That’s the number of strikes since 1947. What you’ll notice is that people in America just don’t strike anymore. Why? Well, their jobs have been shipped off to factory countries, their unions have been broken, and their salaries until recently have been supplemented by credit. It’s part of a giant labor arbitrage game, that the Federal Reserve and elites in both parties are happy to play. Strike, and you’re fired. Don’t strike, and your pay is probably going to be cut. Don’t like it? Sorry, we can open a plant abroad. And we have institutions, like the IMF, to make sure that we get goods from those factory-countries, and get them cheap.

But it’s not cheaper, or better, or more efficient. Firing your teachers isn’t exactly “winning the future”. And outsourcing manufacturing, as Boeing found out, is often a good way to increase coordination costs, create more operational risk, and destroy value. However, the system is good at maintaining the power of oligarch-style control of cultural institutions. If no one but the kids of rich people can read, only the kids of rich people will be able to organize society’s resources. Outsourcing work to China means that workers are scared and have no leverage, so they do what management wants. Again, this isn’t efficient; the UAW sought to make small cars in the 1940s, but was rebuffed by management. Workers are closest to production; treating them terribly is a good way to degrade product quality. Silicon Valley companies give their engineers free snacks and frisbees because happy employees that take ownership over their work create good quality products. Treating people terribly scares them, and makes them more pliable. Again, it’s about control.

The problem for the elites is that the system of control is breaking down. I noted a week and a half ago that the Egyptian revolution was a labor uprising against Rubinites.

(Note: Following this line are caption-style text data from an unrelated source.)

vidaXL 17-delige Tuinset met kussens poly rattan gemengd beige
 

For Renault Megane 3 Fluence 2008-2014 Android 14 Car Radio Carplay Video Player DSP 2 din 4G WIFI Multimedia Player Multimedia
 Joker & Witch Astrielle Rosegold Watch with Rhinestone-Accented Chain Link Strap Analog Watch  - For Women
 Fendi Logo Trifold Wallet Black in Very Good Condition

So to the extent that global labor arbitrage relies on sweatshops and environmental degradation in poor countries for cheap goods, successful strikes in poor countries undercuts the whole system. The reason to outsource work in the first place is to prevent workers in rich countries from gaining pricing and political power. Now workers in poor countries are getting pricing and political power? It’s actually a fragile system of control, and can be broken through either crackdowns on tax havens and oligarchs in wealthy countries or protests/strikes where the goods are made.

The Egyptian revolution was really a series of protests and highly politicized strikes, which is why people in Madison are taking inspiration from Cairo. In fact, the actions in Egypt may be creating a wave of labor actions worldwide, rippling to Wisconsin, Indiana, and Ohio. All of these strikes are aimed at a collusive set of tight relationships...

AND I'VE GOTTEN MY COPY OF "THE TIPPING POINT" OUT, FIGURED NOW WAS A GOOD TIME TO FINISH READING IT...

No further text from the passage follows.